Gubernur Edy, Punya Kekuatankah?

Berita Terkait

- Advertisement -

Oleh : Masrin

Keruwetan dalam pengadaan minyak goreng (migor) di tanah air, sampai sekarang tak kunjung cair meskipun persoalan ini sudah mengemuka sejak bulan Oktober tahun lalu dan memuncak pada awal Januari tahun ini.

Ironisnya, kebijakan yang dibuat pemerintah saat itu dengan memberikan subsidi harga untuk penetrasi harga eceran, malah menambah persoalan. Bukan hanya harganya yang kian tak terkendali tetapi keberadaan migor menjadi nyaris hilang di pasaran.

Terakhir Menteri Perdagangan M. Luthfi mengaku menyerah. Di depan anggota DPR RI, ia mengatakan tak mampu “melawan” para mafia migor. Artinya, pemerintah tak kuasa melakukan sesuatu untuk “menguasai” tata niaga.

- Advertisement -

Bukti ketidakberdayaan itu memang tampak. Misalnya saat petugas telah menemukan timbunan migor di sebuah gudang, justru aparat penegak hukum tidak mampu menetapkan tersangka apalagi untuk memaksa menyita migor itu untuk dibagikan kepada rakyat. Pun begitu pemerintah juga tidak memberikan sanksi terhadap pihak yang diduga kuat melakukan penimbunan.

Sejurus kemudian, Presiden Jokowi usai mendapat “wangsit” saat berkemah di titik nol Ibu Kota Negara (IKN), malah mencabut kebijakan tentang Harga Eceran Tertinggi (HET) minyak goreng yang sempat dipatok Rp14 ribu perliter.

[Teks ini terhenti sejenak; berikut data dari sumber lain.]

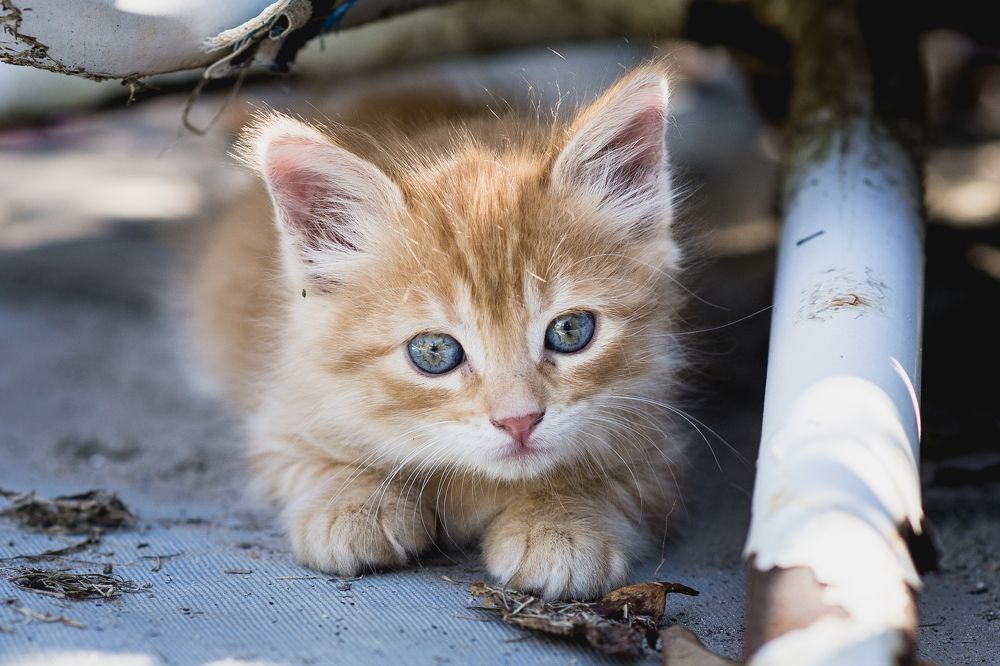 Photograph by Antonela D. Roschini Ottinger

Artinya, pemerintah menyerahkan besaran harga jual migor ke pasar alias sesuai mekanisme pasar.

Langkah ini juga seakan mengonfirmasi bahwa pemerintah memang kalah melawan para mafia. Bukannya ketentuan tentang HET yang dimaksimalkan pemberlakukannya, tetapi malah kebijakan itu yang dicabut.

Pencabutan HET memang mampu menjadikan rak-rak pajang migor di sejumlah swalayan dan pasar modern lainnya yang sempat melompong, mulai terisi kembali dengan berbagai merek minyak goreng kemasan yang sempat menghilang entah kemana.

Di sini, Menperindag pun mengaku bingung, mengapa migor itu kini bermunculan kembali setelah menghilang sekian lama. Tapi ya entahlah, sekelas Menteri kok bisa sebingung ini.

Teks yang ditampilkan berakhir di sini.